Em FEREZA a evocação à alteridade é território de recriação e de reordenamento da existência, testemunho de profundidades afetivas esculpidas pela força do embate entre o eu e o outro. O conflito é a condição da própria experiência e elemento transformador da realidade, do espaço e da vivência estético-política. É neste contexto que as obras apresentadas buscam a intensidade de com o outro sentir, pensar, reinventar o passado, vislumbrar o futuro e potencializar o presente na força do dissenso, criando novas sensibilidades, entendimentos e perspectivas diante de determinadas situações e fatos.

Assim, chamamos a atenção para o modo peculiar como Élcio Miazaki se apropria e ressignifica objetos e insígnias do universo militar, subvertendo entraves ideológicos ao apresentar cenas/imagens onde estes indivíduos não são encontrados fetichizados como ocorre no cinema e na mídia, mas em momentos de alta vulnerabilidade, descontrole, ou, ainda de desconstrução de uma masculinidade até então imaculada pela sociedade civil e pelos próprios militares. Outra questão discutida pelo artista são as diversas agruras manifestadas no Brasil atual. Através do trabalho “Retroceder” da série “Memorandos” (2017), Miazaki, ao trazer um relógio de sentido anti-horário em funcionamento, lança um olhar crítico e metafórico diante de todo o retrocesso, a intolerância, as desigualdades sociais e o sucateamento vivido pela democracia brasileira nos últimos anos.

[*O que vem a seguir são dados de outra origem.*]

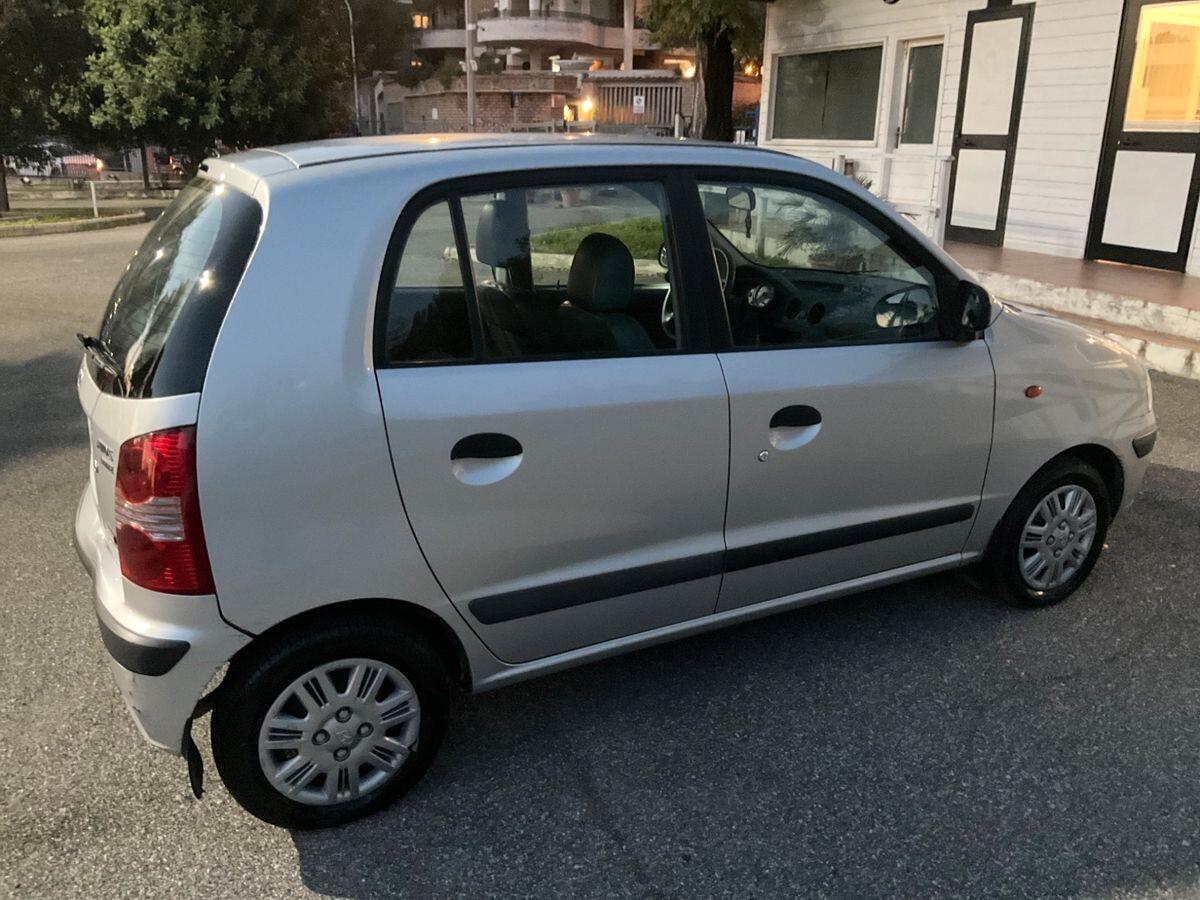 Hyundai Atos Prime 1.1 12V Active CON SOLI 33MILA KM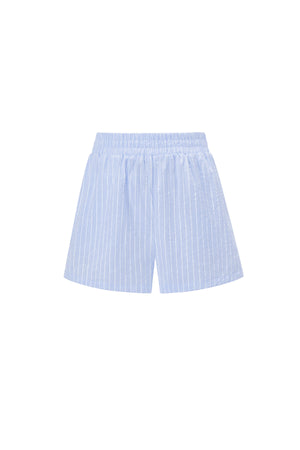 Cute Cotton Shorts for Spring/Summer Comfort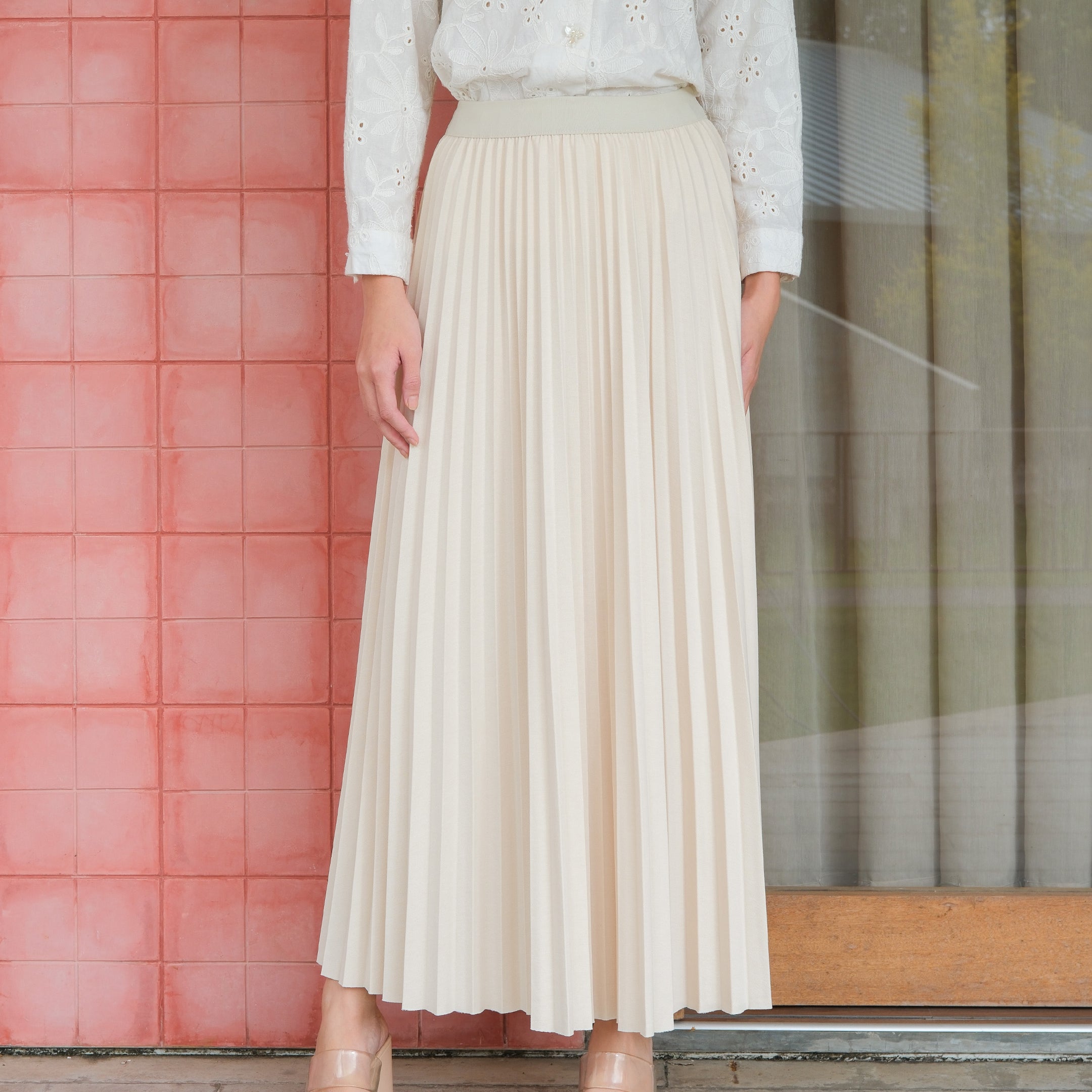 RANIA SKIRT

Em Júnior Pimenta a violência versa por outros contornos. Sua poética se acha permeada por aspectos relacionados à potência do cotidiano, à xenofobia, aos deslocamentos afetivos e geográficos, as migrações e as disputas territoriais. Percebemos no conjunto de obras aqui exposto, a transposição do artista para o lugar do outro, do desconhecido, do imigrante, do refugiado ou, ainda, daqueles excluídos em seu próprio país por estarem à margem dos grandes centros do poder. A série “Mal-vindos” (2018), por exemplo, simboliza o desconvite aos que chegaram “sem permissão” no território estrangeiro. O colorido vibrante das dezenas de tapetes engana o público que ao se aproximardeles se confrontam com uma série de frases hostis e preconceituosas, coletada pelo artista dos comentários dos leitores de matérias publicadas na internet, cujo assunto se centra na problemática da imigração no Brasil e no restante do mundo.

Por sua vez, Sara Uriarte e Kim Coimbra nos apresentam trabalhos delineados por questões referentes aos diálogos e as tensões entre corporeidade e ambiente. Em “O espaço entre nós” (2019-2020), os dois disputam, mas também negociam maneiras de aproximar e distanciar seus corpos da parede que os separam. Eles parecem ampliar a percepção espacial e temporal ao insistir em experimentar os seus limites físicos e psicológicos. A dupla cria mecanismos de contato consigo mesmo e com aquilo que o cerca, estendendo suas experiências e desbancando regimes cristalizados de subjetividades.

Como podemos notar, FEREZA é uma exposição que, dentre outros aspectos, trata da relação do outro na arte a partir do olhar de um grupo de artistas com pesquisas muito específicas que não se limitam ao tempo, ao espaço, as circunstâncias e tão pouco se reduz a quem as produz.